** Given data follows **
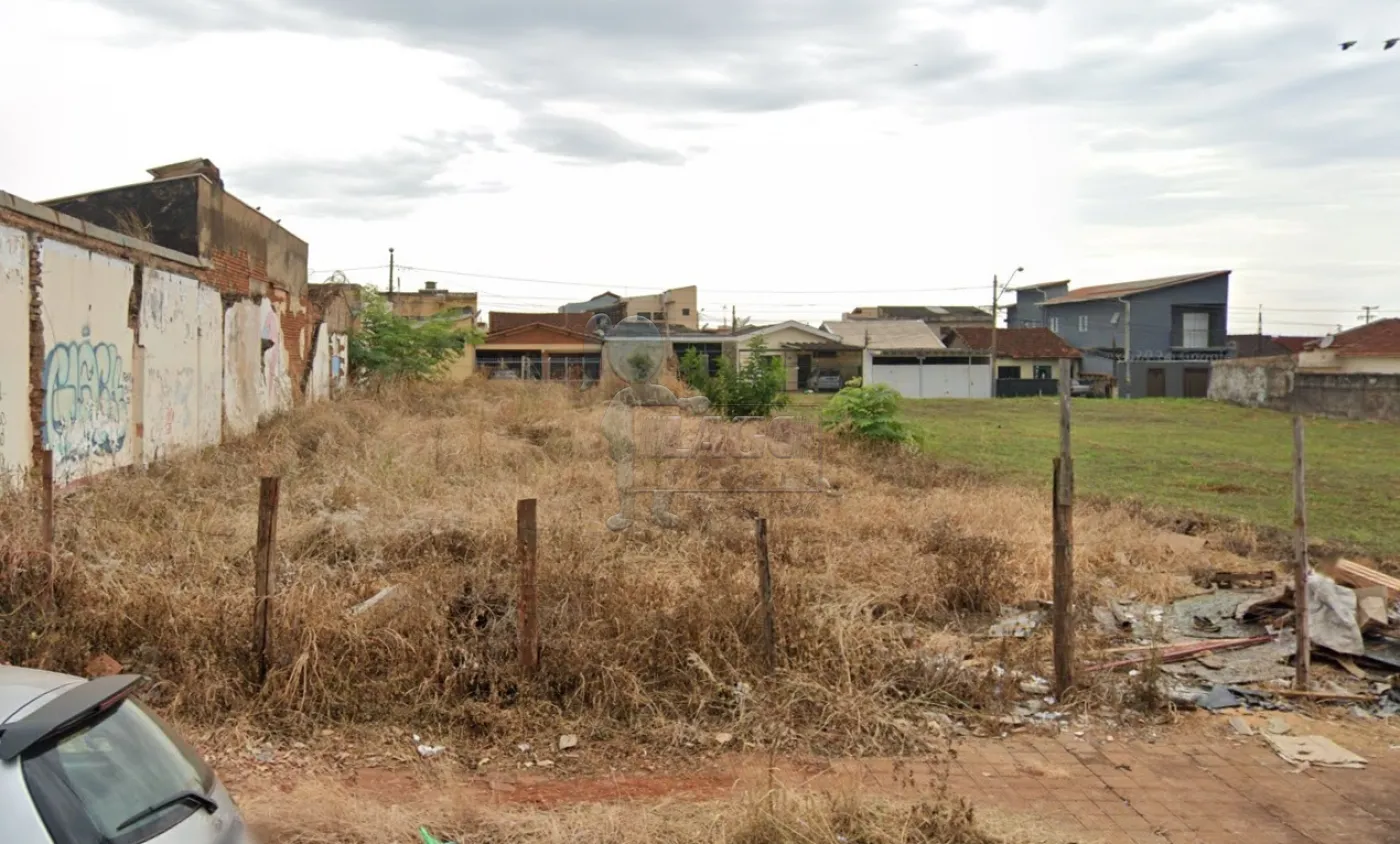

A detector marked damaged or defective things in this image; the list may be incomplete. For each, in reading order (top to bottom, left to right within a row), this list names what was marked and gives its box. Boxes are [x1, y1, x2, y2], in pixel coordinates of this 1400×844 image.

broken wall [0, 226, 29, 488]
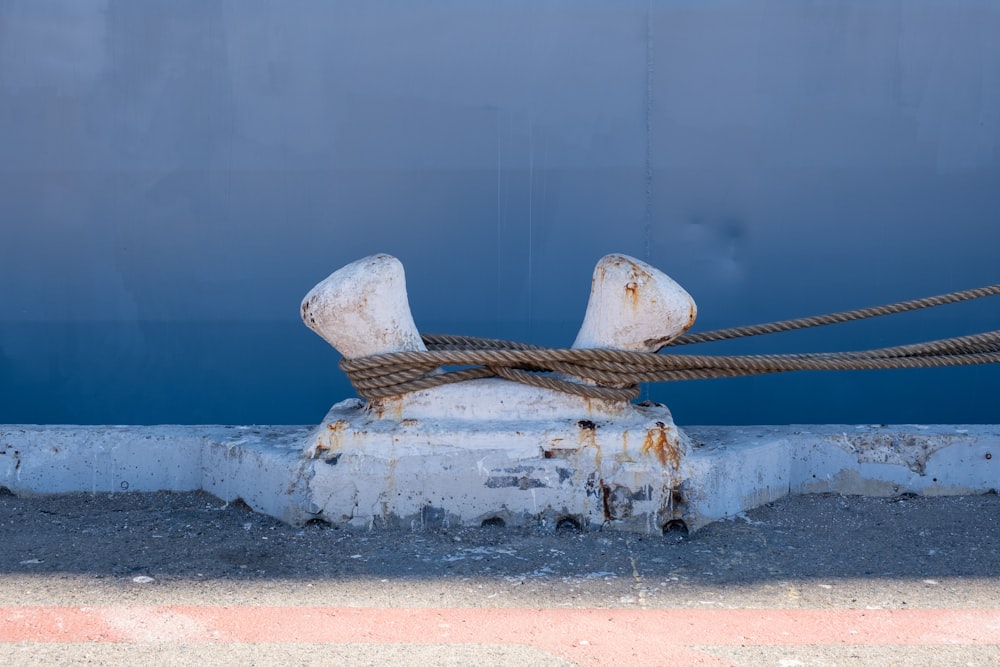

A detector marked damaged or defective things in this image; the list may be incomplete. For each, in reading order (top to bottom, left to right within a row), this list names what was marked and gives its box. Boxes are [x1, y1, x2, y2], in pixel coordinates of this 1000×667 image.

rust stain [644, 422, 684, 470]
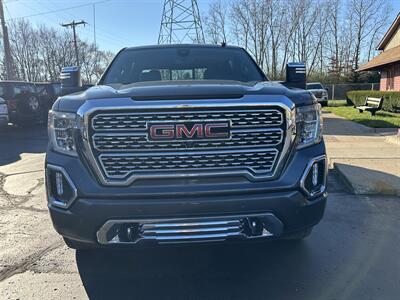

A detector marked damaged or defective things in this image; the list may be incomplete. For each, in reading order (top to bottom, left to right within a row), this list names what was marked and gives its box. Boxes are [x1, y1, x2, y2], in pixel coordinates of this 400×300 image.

crack in pavement [0, 240, 63, 282]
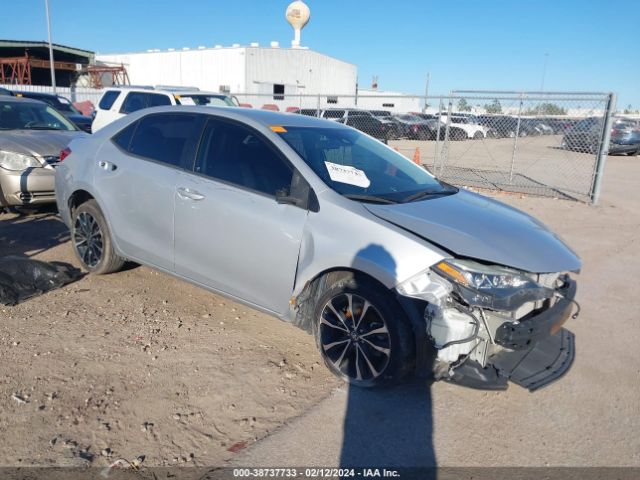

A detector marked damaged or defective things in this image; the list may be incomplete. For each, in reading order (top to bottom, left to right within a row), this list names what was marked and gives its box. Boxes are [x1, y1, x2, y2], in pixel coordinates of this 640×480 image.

front-end collision damage [396, 260, 580, 392]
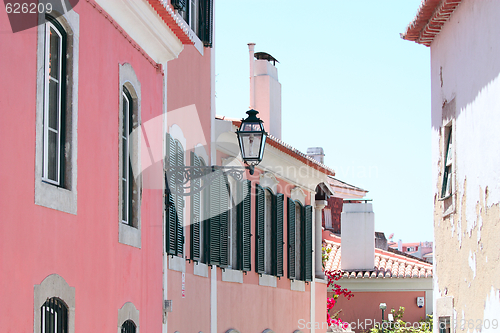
** End of Given data **
About this task
The entries above are to be printed again word for word, with every picture removed.

Response box
A detector marked damaged or defective things in this image; the list may be incomplete. For each, in reading order (top to bottom, left to right within a row), this list names what was marked and gives its box. Boxes are [x1, y1, x2, y2], in pixel coordinates of this 1400×844 image.

broken wall [0, 226, 29, 488]

A detector marked damaged or defective things in this image; the list may be incomplete. For each, in reading order (top to bottom, left to right within a row), this list names what was marked and gives its box. Boxes are [x1, y1, x2, y2], in pixel coordinates of this 1000×667 image.

rust stain [644, 422, 684, 470]

A detector marked damaged or defective things in this image; the list may be incomplete. For each, in reading order (top to bottom, left to right within a row), this list names what was marked and gives its box. Boxes are [x1, y1, x2, y2], in pixel coordinates of this 400×300 image.

crack in pavement [0, 240, 63, 282]

A detector marked damaged or defective things in this image; the list may be incomplete. For each, in reading order (top to bottom, left to right within a row), this list names what was marked and gives its box. Boxes are [x1, y1, x2, y2], in pixel coordinates of this 640×480 image.

front-end collision damage [396, 260, 580, 392]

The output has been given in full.